### Problem
Where the listing below reaches the line containing "Versace Jeans Bluza", start writing out lines exactly, and stop once the line containing "Used 2018 Kia Stinger image 12" has been written.
****************
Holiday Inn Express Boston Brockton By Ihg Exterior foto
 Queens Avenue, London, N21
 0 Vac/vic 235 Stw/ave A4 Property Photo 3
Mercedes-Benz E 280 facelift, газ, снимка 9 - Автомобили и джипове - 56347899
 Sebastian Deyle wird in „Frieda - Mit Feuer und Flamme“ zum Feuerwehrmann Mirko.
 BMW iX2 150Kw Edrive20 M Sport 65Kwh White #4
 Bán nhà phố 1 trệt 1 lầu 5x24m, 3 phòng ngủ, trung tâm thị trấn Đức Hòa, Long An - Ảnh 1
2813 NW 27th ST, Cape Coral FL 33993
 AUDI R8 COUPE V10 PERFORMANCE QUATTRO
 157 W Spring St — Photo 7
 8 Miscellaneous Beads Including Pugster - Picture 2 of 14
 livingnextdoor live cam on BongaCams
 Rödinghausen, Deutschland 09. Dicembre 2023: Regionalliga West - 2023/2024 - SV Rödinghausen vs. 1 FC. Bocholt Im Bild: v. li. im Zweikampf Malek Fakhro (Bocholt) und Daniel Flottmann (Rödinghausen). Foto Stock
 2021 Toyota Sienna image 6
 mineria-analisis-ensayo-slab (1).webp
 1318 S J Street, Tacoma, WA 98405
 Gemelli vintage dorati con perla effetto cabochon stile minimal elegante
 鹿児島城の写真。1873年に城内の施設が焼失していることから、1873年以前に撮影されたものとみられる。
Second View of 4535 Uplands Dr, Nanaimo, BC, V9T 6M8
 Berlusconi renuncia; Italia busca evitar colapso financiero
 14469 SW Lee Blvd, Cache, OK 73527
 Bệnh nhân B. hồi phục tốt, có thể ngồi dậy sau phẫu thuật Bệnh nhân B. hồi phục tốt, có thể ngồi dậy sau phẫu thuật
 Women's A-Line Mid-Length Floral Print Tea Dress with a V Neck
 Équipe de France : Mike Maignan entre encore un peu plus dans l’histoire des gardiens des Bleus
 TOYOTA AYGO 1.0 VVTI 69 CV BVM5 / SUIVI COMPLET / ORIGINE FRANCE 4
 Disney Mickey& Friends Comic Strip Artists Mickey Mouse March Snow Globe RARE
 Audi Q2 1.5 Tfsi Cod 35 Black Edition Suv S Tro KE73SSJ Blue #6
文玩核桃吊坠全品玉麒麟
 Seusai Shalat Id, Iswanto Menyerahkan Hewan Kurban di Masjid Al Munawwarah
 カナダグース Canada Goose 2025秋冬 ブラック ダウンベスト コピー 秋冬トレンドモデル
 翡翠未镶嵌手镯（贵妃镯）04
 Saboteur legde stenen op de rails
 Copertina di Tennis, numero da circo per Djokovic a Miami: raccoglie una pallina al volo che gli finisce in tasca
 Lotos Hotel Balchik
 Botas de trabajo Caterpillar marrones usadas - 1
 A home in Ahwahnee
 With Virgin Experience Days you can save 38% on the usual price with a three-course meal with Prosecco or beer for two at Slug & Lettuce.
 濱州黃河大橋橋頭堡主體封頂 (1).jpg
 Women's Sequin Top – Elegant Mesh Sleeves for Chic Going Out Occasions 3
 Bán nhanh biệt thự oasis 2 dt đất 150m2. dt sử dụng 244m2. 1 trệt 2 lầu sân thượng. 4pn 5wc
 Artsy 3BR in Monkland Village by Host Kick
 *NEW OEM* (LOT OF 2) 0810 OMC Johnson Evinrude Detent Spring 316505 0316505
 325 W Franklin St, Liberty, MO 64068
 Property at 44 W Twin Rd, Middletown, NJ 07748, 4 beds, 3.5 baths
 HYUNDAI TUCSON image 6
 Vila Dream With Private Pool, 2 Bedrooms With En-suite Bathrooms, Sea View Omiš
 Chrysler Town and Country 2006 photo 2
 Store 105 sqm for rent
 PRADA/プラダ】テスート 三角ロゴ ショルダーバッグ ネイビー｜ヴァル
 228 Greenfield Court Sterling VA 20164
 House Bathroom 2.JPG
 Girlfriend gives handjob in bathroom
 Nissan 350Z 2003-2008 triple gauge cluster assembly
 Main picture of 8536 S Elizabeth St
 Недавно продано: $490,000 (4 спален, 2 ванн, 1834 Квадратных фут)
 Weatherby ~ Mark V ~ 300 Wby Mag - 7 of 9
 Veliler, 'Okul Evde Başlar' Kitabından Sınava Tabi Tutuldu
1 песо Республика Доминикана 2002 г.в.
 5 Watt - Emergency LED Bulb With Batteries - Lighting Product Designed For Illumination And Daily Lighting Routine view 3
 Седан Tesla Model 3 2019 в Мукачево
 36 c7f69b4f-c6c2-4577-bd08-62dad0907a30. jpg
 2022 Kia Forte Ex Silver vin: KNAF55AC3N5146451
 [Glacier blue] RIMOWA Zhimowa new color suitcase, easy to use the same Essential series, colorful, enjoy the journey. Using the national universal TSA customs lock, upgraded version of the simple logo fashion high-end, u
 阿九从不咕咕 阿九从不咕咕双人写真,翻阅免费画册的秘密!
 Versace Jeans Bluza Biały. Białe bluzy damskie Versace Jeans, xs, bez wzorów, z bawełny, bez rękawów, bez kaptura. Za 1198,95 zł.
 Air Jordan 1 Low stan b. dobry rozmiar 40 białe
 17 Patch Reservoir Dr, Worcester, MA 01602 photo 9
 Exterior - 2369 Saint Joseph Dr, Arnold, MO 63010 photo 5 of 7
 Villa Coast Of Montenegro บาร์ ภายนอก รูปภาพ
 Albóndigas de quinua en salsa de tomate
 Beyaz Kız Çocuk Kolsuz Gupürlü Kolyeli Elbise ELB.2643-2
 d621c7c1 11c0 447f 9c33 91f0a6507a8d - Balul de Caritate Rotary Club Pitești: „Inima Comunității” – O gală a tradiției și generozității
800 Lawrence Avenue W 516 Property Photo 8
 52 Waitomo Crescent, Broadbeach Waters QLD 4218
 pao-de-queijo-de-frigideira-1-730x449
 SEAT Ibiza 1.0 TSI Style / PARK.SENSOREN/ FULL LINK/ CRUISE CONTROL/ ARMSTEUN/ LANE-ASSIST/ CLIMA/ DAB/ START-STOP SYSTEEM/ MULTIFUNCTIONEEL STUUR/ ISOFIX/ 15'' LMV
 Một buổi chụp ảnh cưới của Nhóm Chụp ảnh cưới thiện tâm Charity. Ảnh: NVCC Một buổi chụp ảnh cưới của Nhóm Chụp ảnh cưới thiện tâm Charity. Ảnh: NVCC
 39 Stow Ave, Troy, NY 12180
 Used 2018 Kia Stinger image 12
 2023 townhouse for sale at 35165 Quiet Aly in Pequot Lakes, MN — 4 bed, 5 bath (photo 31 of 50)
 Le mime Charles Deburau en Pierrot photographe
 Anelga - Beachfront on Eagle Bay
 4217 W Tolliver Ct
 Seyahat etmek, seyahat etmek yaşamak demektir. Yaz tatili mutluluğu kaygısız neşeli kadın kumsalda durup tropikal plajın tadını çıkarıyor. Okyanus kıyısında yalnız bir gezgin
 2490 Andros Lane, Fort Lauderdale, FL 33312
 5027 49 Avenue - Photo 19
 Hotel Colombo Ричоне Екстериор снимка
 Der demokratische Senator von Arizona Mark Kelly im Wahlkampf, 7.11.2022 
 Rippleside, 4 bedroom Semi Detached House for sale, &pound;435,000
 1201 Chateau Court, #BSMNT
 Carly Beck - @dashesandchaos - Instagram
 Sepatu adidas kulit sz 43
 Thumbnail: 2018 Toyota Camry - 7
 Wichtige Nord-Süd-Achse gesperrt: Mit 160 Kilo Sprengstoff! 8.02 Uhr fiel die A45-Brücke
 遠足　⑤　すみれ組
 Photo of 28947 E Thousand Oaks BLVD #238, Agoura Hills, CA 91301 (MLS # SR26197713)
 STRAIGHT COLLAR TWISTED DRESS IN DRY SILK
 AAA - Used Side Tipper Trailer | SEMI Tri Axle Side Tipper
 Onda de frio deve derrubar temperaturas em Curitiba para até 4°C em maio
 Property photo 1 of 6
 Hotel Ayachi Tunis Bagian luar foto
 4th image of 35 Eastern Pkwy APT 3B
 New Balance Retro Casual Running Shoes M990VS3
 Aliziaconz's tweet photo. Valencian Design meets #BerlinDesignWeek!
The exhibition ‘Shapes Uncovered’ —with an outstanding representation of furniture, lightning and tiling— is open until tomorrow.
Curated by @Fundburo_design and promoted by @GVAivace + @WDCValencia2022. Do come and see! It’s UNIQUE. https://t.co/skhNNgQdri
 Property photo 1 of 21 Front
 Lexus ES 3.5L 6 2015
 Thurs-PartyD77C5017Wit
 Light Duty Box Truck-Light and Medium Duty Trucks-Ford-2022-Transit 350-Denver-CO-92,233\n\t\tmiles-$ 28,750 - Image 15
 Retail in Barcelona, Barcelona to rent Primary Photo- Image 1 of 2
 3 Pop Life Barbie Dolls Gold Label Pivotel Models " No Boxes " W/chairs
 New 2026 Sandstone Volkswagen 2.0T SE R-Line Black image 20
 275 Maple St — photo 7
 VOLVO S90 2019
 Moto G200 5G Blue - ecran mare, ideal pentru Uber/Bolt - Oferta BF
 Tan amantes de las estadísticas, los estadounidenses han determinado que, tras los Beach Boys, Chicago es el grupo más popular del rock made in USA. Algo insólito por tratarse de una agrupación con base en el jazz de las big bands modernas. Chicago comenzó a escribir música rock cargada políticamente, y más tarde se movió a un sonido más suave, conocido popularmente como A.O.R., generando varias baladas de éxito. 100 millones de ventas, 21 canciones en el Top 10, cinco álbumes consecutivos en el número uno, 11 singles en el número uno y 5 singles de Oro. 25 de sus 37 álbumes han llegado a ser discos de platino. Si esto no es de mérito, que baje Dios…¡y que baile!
****************
### Your response
 Versace Jeans Bluza Biały. Białe bluzy damskie Versace Jeans, xs, bez wzorów, z bawełny, bez rękawów, bez kaptura. Za 1198,95 zł.
 Air Jordan 1 Low stan b. dobry rozmiar 40 białe
 17 Patch Reservoir Dr, Worcester, MA 01602 photo 9
 Exterior - 2369 Saint Joseph Dr, Arnold, MO 63010 photo 5 of 7
 Villa Coast Of Montenegro บาร์ ภายนอก รูปภาพ
 Albóndigas de quinua en salsa de tomate
 Beyaz Kız Çocuk Kolsuz Gupürlü Kolyeli Elbise ELB.2643-2
 d621c7c1 11c0 447f 9c33 91f0a6507a8d - Balul de Caritate Rotary Club Pitești: „Inima Comunității” – O gală a tradiției și generozității
800 Lawrence Avenue W 516 Property Photo 8
 52 Waitomo Crescent, Broadbeach Waters QLD 4218
 pao-de-queijo-de-frigideira-1-730x449
 SEAT Ibiza 1.0 TSI Style / PARK.SENSOREN/ FULL LINK/ CRUISE CONTROL/ ARMSTEUN/ LANE-ASSIST/ CLIMA/ DAB/ START-STOP SYSTEEM/ MULTIFUNCTIONEEL STUUR/ ISOFIX/ 15'' LMV
 Một buổi chụp ảnh cưới của Nhóm Chụp ảnh cưới thiện tâm Charity. Ảnh: NVCC Một buổi chụp ảnh cưới của Nhóm Chụp ảnh cưới thiện tâm Charity. Ảnh: NVCC
 39 Stow Ave, Troy, NY 12180
 Used 2018 Kia Stinger image 12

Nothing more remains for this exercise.